Passemos então à História do livro. O seu autor, Takiji Kobayashi, tinha 26 anos quando o escreveu. Desde então, foi alvo de perseguições e discriminação, até que em 1933 foi capturado pela Polícia Secreta, espancado brutalmente, e acabando por morrer. Tinha 30 anos.
É difícil nos dias de hoje ter sensibilidade suficiente para perceber o quanto algumas pessoas sacrificaram para lutar pelos direitos de dignidade mínima, e para combater as injustiças sociais. Felizmente o século XX fez-nos avançar muito.
Mas eis-nos chegados ao século XXI, quando as condições laborais começam a dar sinais fortes de degradação, quando algumas pessoas sentem que são exploradas para que alguns patrões (como os do livro) enriqueçam. O livro, passados 80 anos da sua publicação, torna a conquistar um lugar central na atenção de vários públicos, tornando-se um bestseller inesperado em vários países.
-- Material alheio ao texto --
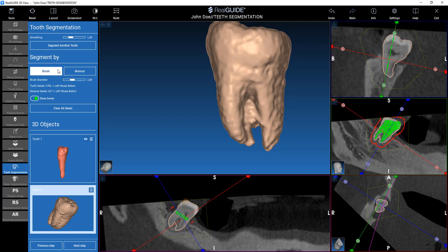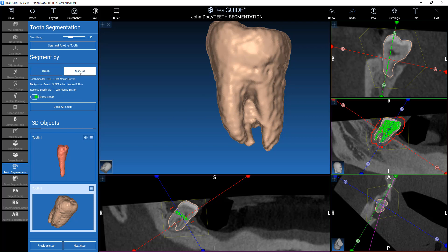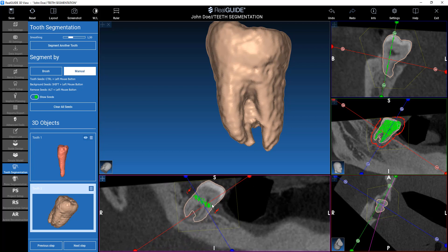We can use the manual tools here. Manual tools enable us to correct the seeds. The seeds we see here can be tooth seeds or background seeds. Tooth seeds are the yellow seeds you can see here, and background seeds are the red seeds. Basically, for the software, everything that is red is not a tooth, and everything that is a tooth seed is a tooth.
Ajuda-nos a perceber algo que muitas vezes esquecemos: certas coisas na vida são cíclicas, e convém estarmos atentos ao mundo que nos rodeia para não cometermos os mesmos erros.
A título de curiosidade, o nome do navio onde decorre a história é Hakko Maru. Se juntarmos a isto parte do nome do autor, obtemos “Kobayashi Maru”, algo que não será estranho aos fãs de Star Trek. Coincidência? Não creio. O Kobayashi Maru era o teste que a Starfleet impunha aos seus cadetes e que era impossível de vencer, uma “no win situation”, as o qual o Capitão Kirk conseguiu ultrapassar de forma inesperada.
A escrita de Kanikosen é pesada, violenta, e pouco aconselhada a leitores mais convencionais (tias de Cascais, e leitores assíduos de Paula Bobone e companhia). Propaganda Comuna chamar-lhe-ão alguns; Oportunismo Mediático dirão outros. Quanto ao Grande Crítico Literário THE PSY, este limitar-se-á a citar algo que estamos fartos de ouvir nos filmes: History repeats itself.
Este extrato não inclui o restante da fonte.